» **Your goal**
The needed output is the run of lines below from the one containing "19 Naviforce 9038B" through the one containing "Legíny C30 - černé - Černá", copied exactly and free of pictures.

» **Exercise material**
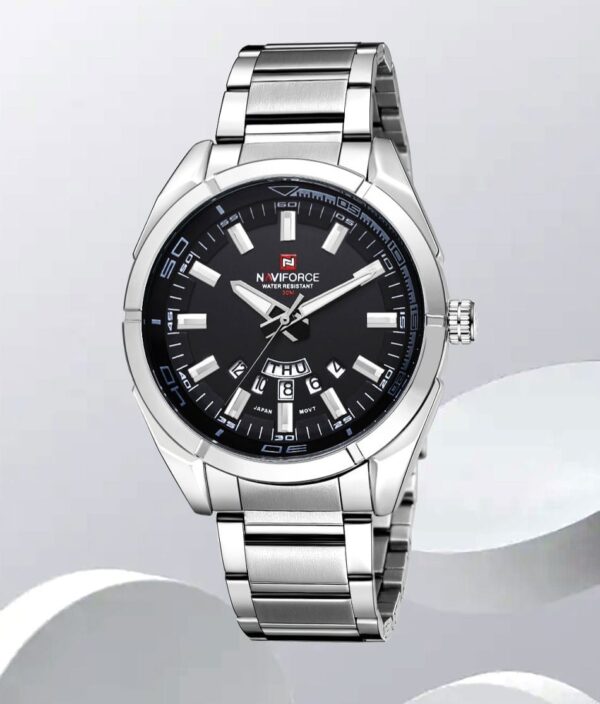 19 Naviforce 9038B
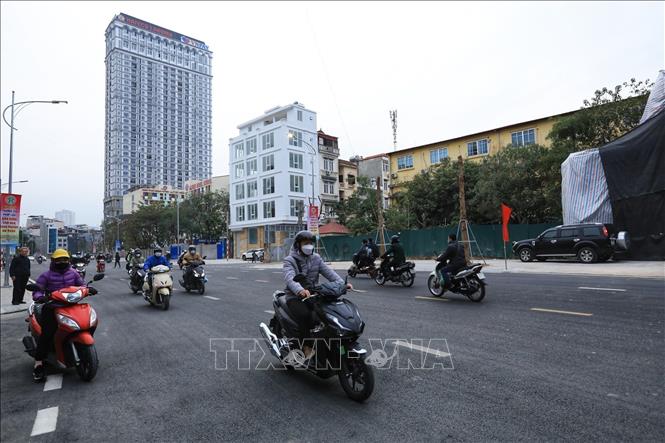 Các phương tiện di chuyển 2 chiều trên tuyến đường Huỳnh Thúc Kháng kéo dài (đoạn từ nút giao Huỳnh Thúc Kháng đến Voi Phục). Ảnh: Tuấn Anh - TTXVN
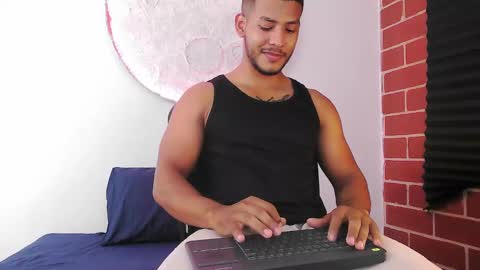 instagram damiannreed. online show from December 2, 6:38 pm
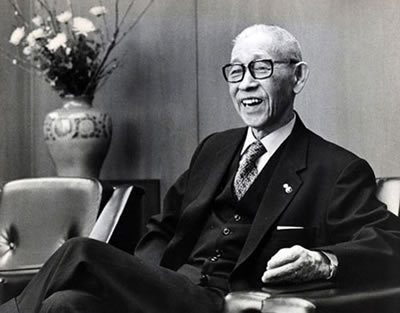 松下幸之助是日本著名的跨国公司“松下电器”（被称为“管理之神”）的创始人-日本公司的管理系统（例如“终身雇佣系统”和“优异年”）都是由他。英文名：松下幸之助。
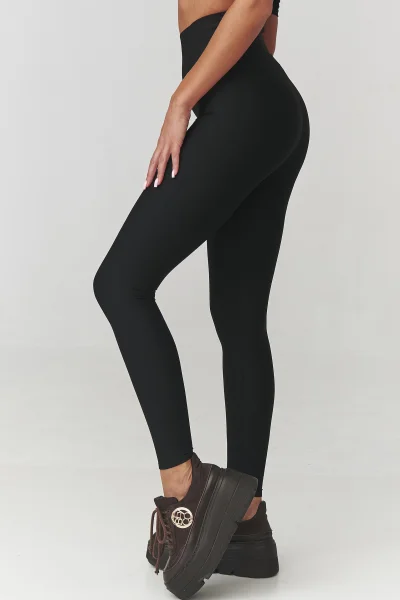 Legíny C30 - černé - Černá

---

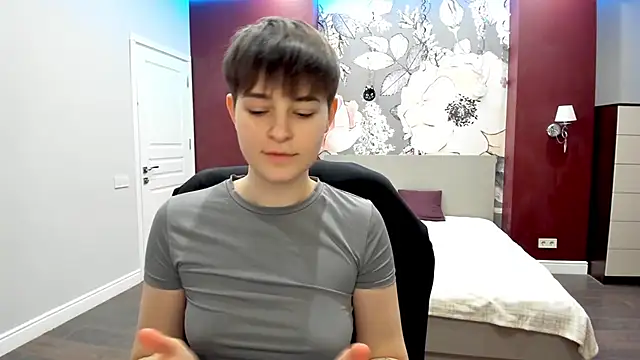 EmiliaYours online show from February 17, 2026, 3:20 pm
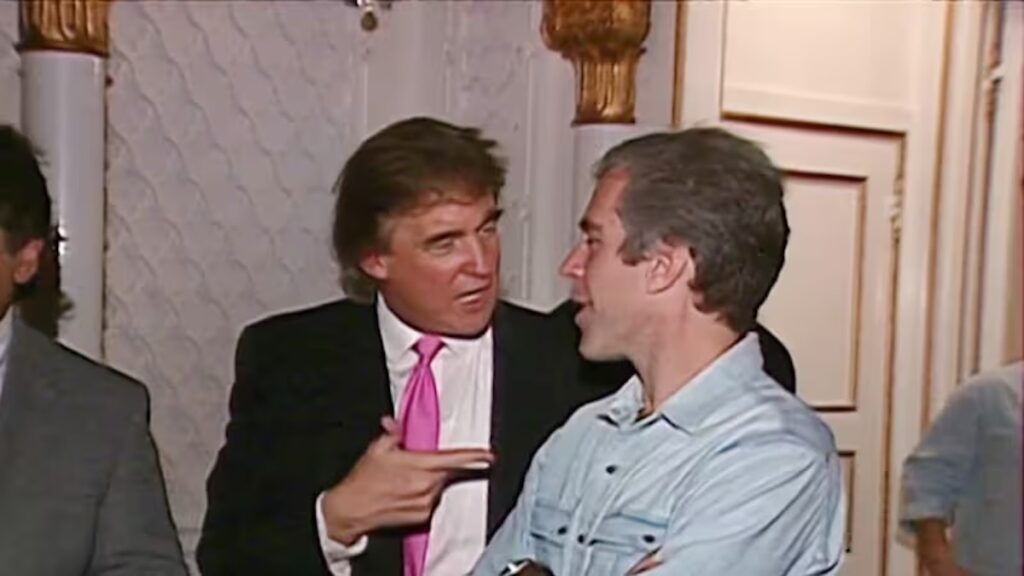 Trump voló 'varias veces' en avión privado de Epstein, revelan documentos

» **Result for this exercise**
 19 Naviforce 9038B
 Các phương tiện di chuyển 2 chiều trên tuyến đường Huỳnh Thúc Kháng kéo dài (đoạn từ nút giao Huỳnh Thúc Kháng đến Voi Phục). Ảnh: Tuấn Anh - TTXVN
 instagram damiannreed. online show from December 2, 6:38 pm
 松下幸之助是日本著名的跨国公司“松下电器”（被称为“管理之神”）的创始人-日本公司的管理系统（例如“终身雇佣系统”和“优异年”）都是由他。英文名：松下幸之助。
 Legíny C30 - černé - Černá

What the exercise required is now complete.